Last night I was perusing CT tasting notes to see if now is a good time to open an 11 or 12 Pierre Boisson Auxey-Duresses 1er Cru En Reugne. One note (2008) was in french, so I got Google to translate it. The summary sentence of the note translated to ‘Well held against the thighs of frogs!’. The alternate translation was ‘A neat face frog legs!’. I’m assuming the first was correct :slight_smile:

Further research indicates another possible translation is ‘tight thighs of frogs’…maybe this is french slang for sexy frog legs?

And people complain about salinity :slight_smile:

I would assume the poster was suggesting that it paired well with a dish of frog legs… and nothing about the sexiness of frog legs.

I guess you mean

A bien tenu face aux cuisses de grenouilles

which means what Vince said, ie it went well with frog’s legs.

I suppose.

Or…since ‘frogs’ is slang for a french person, and they were clearly/likely french, maybe they were making a closing comment about their sexy legs.
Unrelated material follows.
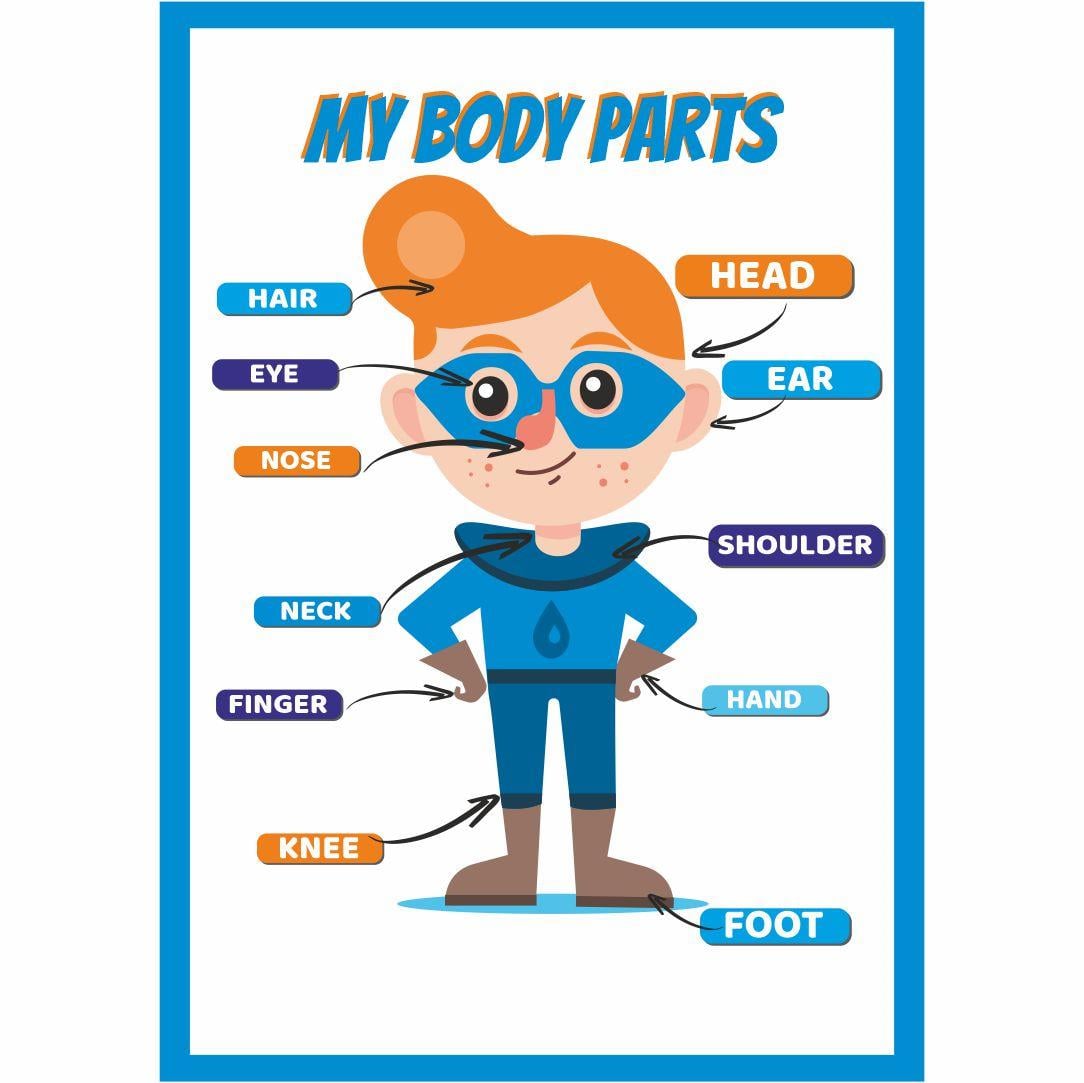 BodyParts01Body Parts-vücudun Bölümleri Ingilizce Çocuk Eğitim Süper Kahraman Tekli Poster 35x50 Ölçülerindeİngilizce AfişleriOkularenkkat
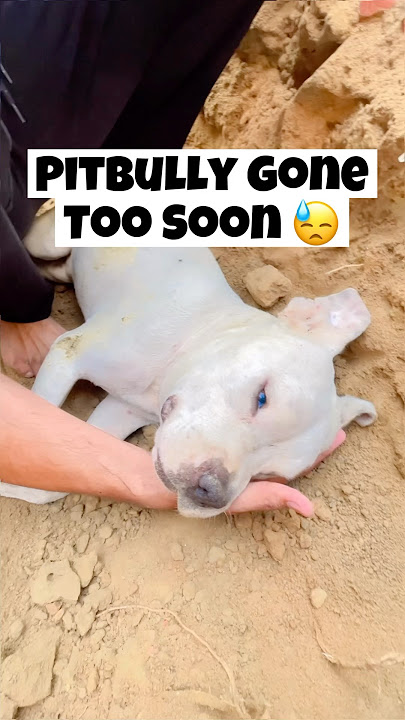 PitBully Gone Too Soon 😓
Any thoughts on when the wines (11/12 En Reugne) will start to show some developed character (ignoring premox risk, however risky that might be), compared to the somewhat bracingly youthful state it’s been in?

Cuisses de poulet = chicken legs
Cuisses de grenouille = frogs legs

I am a meat eater, and have not many qualms about this but, apparently, the legs are removed from the frogs while they are still alive and the rest of the body is thrown away.

Since hearing that, I have tended to avoid them.

Alex R.

More like, “it held up well against frog’s legs.”